There are two strands of narrative at the start of the film. One about a Syrian refugee and the other, an aging, troubled traveling salesman figuring out his life. Somewhere their paths cross. Khaled (Sherwan Haji) is first seen emerging from the mountain of coal in a cargo ship docked at a Helsinki harbor. As he seeks an asylum as a Syrian refugee from Aleppo at a police station, the unsympathetic police puts him in a waiting facility to be processed. There he meets an Iraqi refugee who's been in Finland for a while and seems to know the way around. Khaled is desperately looking for his sister who was separated on their way out of Syria. He likes Finland and wants to get a job and settle down. But first, he needs to not get deported. His Iraqi friend gives him some pointers, "Don't look so glum. Be cheerful. They deport sad looking ones."

Wikstrom (Sakari Kuosmanen), a middle-aged traveling man's shirt salesman, walks out on his wife, and embarks on a restaurant business with the money he won at a gambling table. It's a little dumpy restaurant/bar called Golden Pint. The owner seems very eager to get out the dodge, and leaves three disgruntled employees behind- a doorman, a waitress and a cook for Wikstrom to deal with.

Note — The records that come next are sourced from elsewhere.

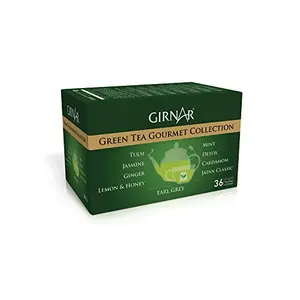 Girnar Green Tea Gourmet Collection (36 Tea Bags)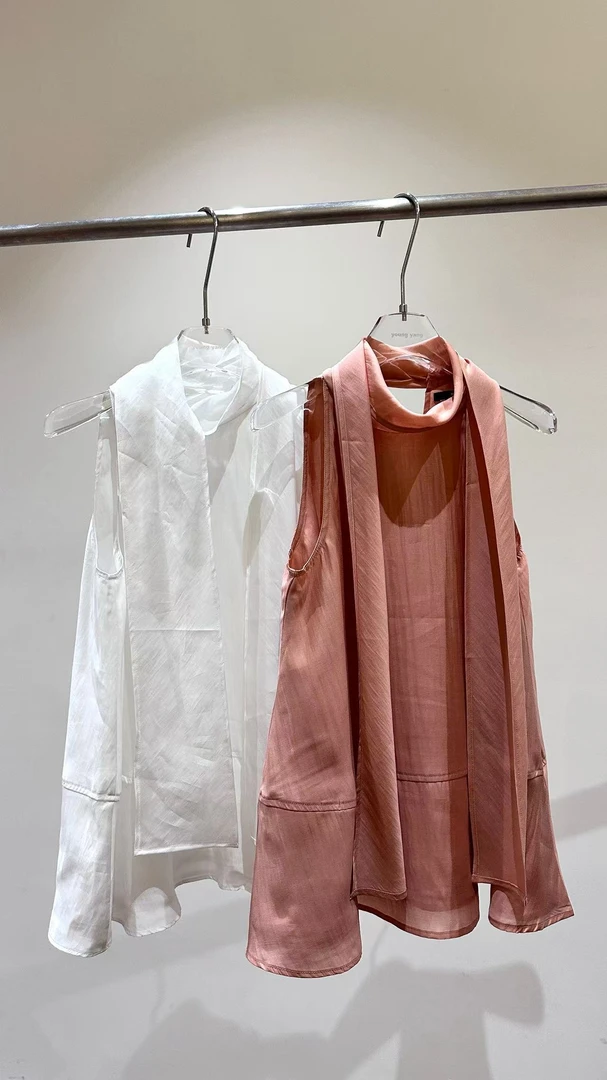 小众设计挂脖休闲A字背心上衣25299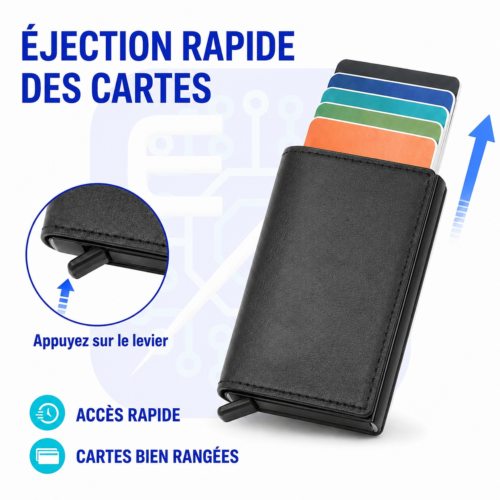 gvc.product.image_.1788359674196.fb261b40-6dda-44ef-99a2-a1304967002c.png Porte-Cartes RFID Anti-Scan avec Éjection Rapide Portefeuille Compact pour Cartes et Billets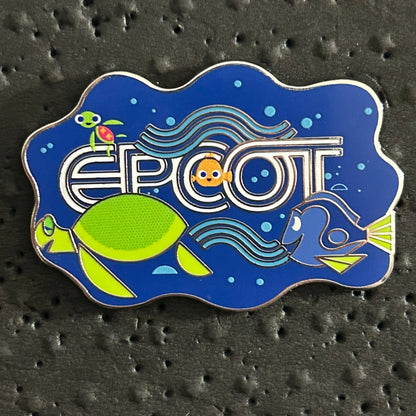 2025 - Crush, Nemo, Dory and Squirt - Pixar - Finding Nemo - EPCOT - Disney Pin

In the mean time, Khaled flees from the refugee facility after judge deems that his situation is not dire enough and decides to deport him back to Aleppo. Khaled gets into a fistfight with Wikstrom at a parking lot where he was sleeping. And Wikstrom decides to hire him for his restaurant.

There are many Kaurismaki comedic moments and sight gags throughout the film. His brand of minimalist comedy is truly unique.His cultural references are all mixed up and wrong- Kati Outinen, one of Kaurismaki's regular, plays Wikstrom's client who says "I'm going to Mexico and dance Hula Hula." and Golden Pint crudely changes to Sushi restaurants to attract more customers, serving a spoonful of wasabi on each sushi. When they run out of fish, they use salted herring. It is priceless to see the defeat on the crew's faces as the customers leave in droves.

Khaled is pursued by Finnish nazis with nationalist slogans on their jacket. Kaurismaki encapsulates them in one utterance near the end of the film, showing that nazis, in any country, are ignorant assholes and absolutely need to be eradicated.

Extremely silly and endlessly charming, The Other Side of Hope reminds us that the complicated world we are living in doesn't need to be complicated. Through the Kaurismakian glass, the world is filled with decent people and it remains a hopeful place as long as people help each other out.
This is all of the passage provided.